Farmers to Pay One More Fee

By 16 August 2017

Membership in the Croatian Chamber of Agriculture will again become mandatory.

Although the government announced that it planned to reduce taxes and non-tax fees for entrepreneurs at the beginning of the year, it will soon instead introduce the obligatory membership in the Croatian Chamber of Agriculture, which was abolished by the previous government in 2012, reports on August 16, 2017.

The Croatian Chamber of Agriculture operates under the auspices of the Ministry of Agriculture, which recently withdrew Minister Tolušić's decision on the drastic increase in fees for inspection of imports of fruit and vegetables from Serbia, Bosnia and Herzegovina and other non-EU member states. The Minister has caused a diplomatic scandal, turning the whole region against Croatia, and the government ultimately changed its mind and withdrew the decision.

The Croatian Chamber of Agriculture was not happy with the withdrawal of the Tolušić’s decision. However, the Minister and the HDZ government have now decided to support the Chamber’s request to reintroduce mandatory membership fees, which will mean additional financial obligations for about 60,000 owners of small family farms. The public consultation period for the Law on the Croatian Chamber of Agriculture will end soon, and the law is expected to be passed by the Parliament in September.

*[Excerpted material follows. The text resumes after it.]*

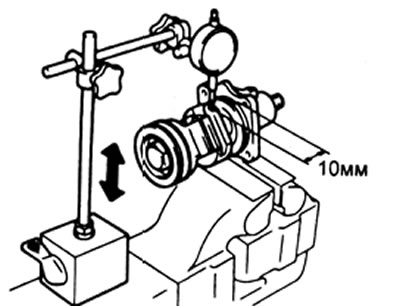 в) Если зазор больше предельно допустимого значения, то замените узел управляющего клапана.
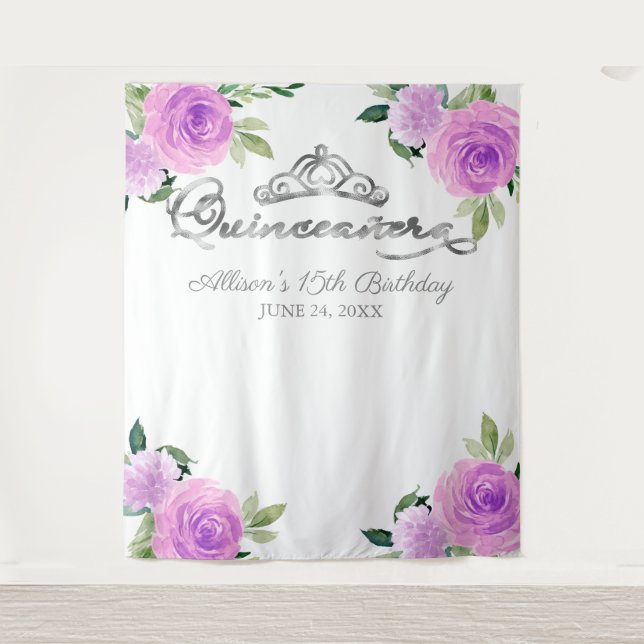 Purple Floral Quinceanera Backdrop Tapestry (Front)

“Why are you attacking us when you know that all other chambers, about forty of them, have a mandatory membership. I hope that farmers will not be the only ones eliminated from their rights in relation to other chambers,” said Mato Brlošić, president of the Croatian Chamber of Agriculture.

Asked about the amount of the annual membership fee, Brlošić said that “perhaps there will be no membership fee.” Still, his further statement demonstrated that he actually implied that the benefits which the Chamber might bring to its members would be greater than the membership fee, which will, of course, have to be paid.

“In the first year of the existence of the Chamber, the members were provided incentives in the amount of 1,000 kunas per hectare, an increase from 10 kunas, which means that in just one year an average farmer received incentives enough to membership fees for one hundred years. Since we are now in Europe, we will fight for farmers' interests,” explained Brlošić.

The membership fee will be determined by the Chamber’s Assembly. Interestingly, some family farms owners will have to pay contributions in two different chambers, since thousands of them are registered as tradesmen and artisans and are already paying a membership fee to the Croatian Chamber of Crafts and Trades (HOK). “Our idea was to have only one membership as mandatory, but other chambers protested. Everybody is attacking us, but the HOK has raised contributions in the past, although it is not clear whether they are doing anything regarding the agriculture,” he said.

Asked about the fact that HDZ’s government is now reintroducing a fee which the earlier SDP-led government had abolished, Brlošić commented that SDP had promised to eliminate all obligatory membership fees, but ultimately removed only theirs. At the time, the Croatian Chamber of Agriculture claimed that it received about eight million kunas from membership fees per year.